SQL Server parallel operation learning summary tutorial

Source: Internet
Author: User
Tags commit join logical operators memory usage

Technical preparation

Similar to the previous articles, based on SQL Server2008R2, Microsoft uses a simpler case Library (Northwind) for parsing.

I. Parallel operators

In our daily written T-SQL statement, not all the optimal execution plan is the same, the formation of its optimal execution plan needs to be evaluated in many aspects, most of them are based on the statistical information generated by the SQL Server itself, and then the multiple execution plans are evaluated to select the optimal execution method.
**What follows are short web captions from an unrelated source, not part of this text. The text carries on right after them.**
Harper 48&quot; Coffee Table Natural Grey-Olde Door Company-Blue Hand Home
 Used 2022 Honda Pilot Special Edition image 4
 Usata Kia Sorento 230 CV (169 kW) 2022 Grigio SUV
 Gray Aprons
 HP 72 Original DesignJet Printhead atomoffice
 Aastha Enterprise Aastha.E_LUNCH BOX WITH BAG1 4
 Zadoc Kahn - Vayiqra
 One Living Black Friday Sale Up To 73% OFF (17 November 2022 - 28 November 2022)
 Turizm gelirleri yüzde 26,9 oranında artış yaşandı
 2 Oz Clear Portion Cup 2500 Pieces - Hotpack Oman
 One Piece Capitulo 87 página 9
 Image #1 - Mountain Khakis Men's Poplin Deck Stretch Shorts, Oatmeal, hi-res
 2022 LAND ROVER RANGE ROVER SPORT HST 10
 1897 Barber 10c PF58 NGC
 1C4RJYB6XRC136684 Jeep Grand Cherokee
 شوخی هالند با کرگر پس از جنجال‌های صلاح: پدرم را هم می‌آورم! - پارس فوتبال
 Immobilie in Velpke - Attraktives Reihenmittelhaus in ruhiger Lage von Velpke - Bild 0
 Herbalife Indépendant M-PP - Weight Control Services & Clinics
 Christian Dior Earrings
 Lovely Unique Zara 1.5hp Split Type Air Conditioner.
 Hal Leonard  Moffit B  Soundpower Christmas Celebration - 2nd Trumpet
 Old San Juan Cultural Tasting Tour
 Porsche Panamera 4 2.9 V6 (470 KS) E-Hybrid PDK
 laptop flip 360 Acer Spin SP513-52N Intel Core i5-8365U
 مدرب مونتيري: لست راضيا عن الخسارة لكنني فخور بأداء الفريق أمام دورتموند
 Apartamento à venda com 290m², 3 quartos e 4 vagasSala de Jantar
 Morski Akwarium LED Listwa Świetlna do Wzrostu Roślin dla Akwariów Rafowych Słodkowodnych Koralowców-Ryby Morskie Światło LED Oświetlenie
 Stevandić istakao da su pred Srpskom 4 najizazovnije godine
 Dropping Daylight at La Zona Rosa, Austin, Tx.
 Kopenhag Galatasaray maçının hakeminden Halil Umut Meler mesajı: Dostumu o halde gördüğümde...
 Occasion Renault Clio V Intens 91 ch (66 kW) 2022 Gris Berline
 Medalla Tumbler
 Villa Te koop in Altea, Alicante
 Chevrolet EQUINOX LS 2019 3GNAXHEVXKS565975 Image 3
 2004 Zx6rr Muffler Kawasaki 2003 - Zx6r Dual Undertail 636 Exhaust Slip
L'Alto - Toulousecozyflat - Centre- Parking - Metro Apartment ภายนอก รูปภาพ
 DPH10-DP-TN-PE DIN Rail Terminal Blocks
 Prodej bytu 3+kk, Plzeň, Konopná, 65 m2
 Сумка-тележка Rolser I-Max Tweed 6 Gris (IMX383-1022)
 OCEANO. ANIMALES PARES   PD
When the SQL Server evaluates the statistics based on the library content, it also needs to refer to the currently running hardware resources. Sometimes it deems that the optimal solution may not support the current hardware resources, for example: memory restrictions, CPU restrictions, IO bottlenecks, etc. Therefore, the performance of the execution plan depends on the underlying hardware.

When SQL Server finds that a processed dataset is large and consumes a large amount of resources, but the hardware has multiple CPUs, SQL Server tries to use parallel methods, splits a dataset into several threads for simultaneous processing to improve overall efficiency.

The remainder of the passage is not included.